* **Exercise goal**:
In the listing, find every line that has the string "Image" and copy it.

* **Extracted data**:
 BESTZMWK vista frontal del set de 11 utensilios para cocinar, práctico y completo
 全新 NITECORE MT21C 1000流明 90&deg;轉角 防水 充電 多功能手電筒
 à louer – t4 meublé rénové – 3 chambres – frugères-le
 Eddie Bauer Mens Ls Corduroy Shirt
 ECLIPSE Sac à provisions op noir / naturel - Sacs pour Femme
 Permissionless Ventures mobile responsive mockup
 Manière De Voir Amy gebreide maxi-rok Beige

* * *

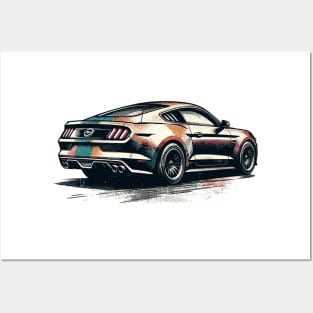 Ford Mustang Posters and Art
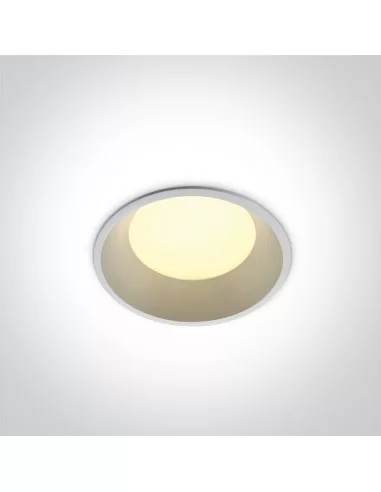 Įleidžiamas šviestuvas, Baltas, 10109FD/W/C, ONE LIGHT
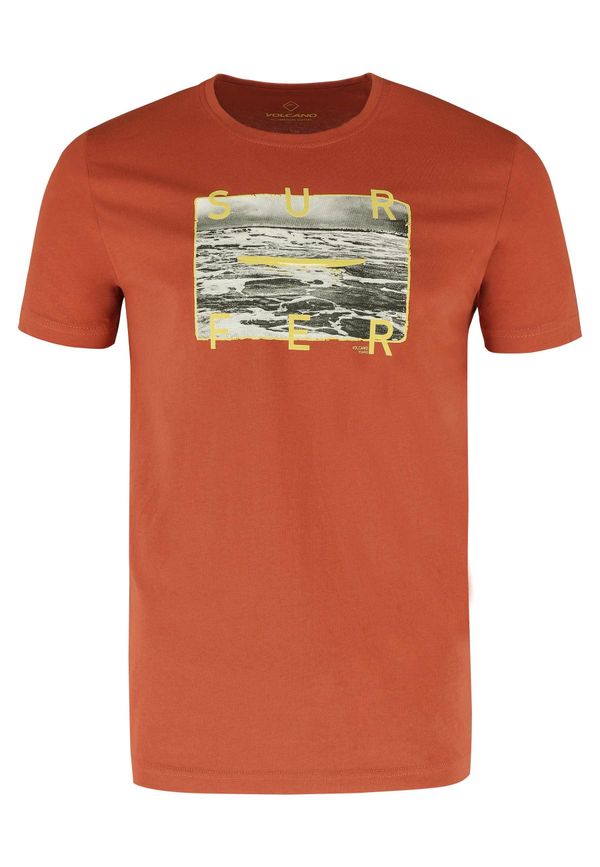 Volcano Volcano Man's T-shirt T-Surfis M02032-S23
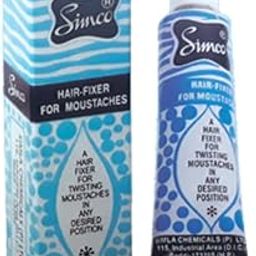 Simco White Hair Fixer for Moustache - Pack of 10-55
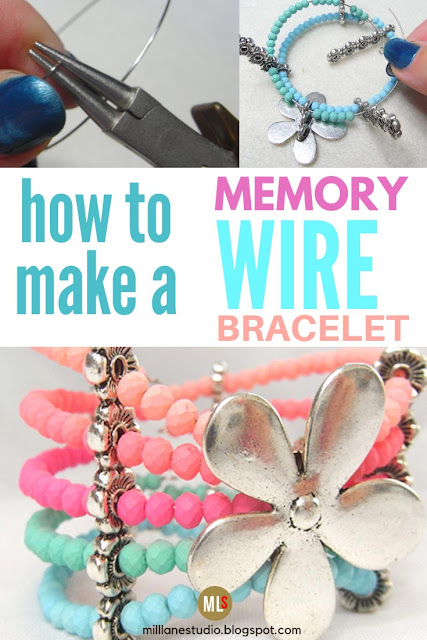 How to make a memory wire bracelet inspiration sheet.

--

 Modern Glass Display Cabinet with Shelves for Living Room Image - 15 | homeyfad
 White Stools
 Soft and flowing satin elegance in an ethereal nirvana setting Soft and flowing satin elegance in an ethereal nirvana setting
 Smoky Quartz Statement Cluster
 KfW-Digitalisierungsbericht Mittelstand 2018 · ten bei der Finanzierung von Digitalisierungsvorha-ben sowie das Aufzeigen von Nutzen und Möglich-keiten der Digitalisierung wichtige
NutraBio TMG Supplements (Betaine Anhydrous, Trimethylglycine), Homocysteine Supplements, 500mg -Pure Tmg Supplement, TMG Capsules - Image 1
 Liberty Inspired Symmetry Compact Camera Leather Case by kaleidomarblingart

* **Task response**:
 Modern Glass Display Cabinet with Shelves for Living Room Image - 15 | homeyfad
NutraBio TMG Supplements (Betaine Anhydrous, Trimethylglycine), Homocysteine Supplements, 500mg -Pure Tmg Supplement, TMG Capsules - Image 1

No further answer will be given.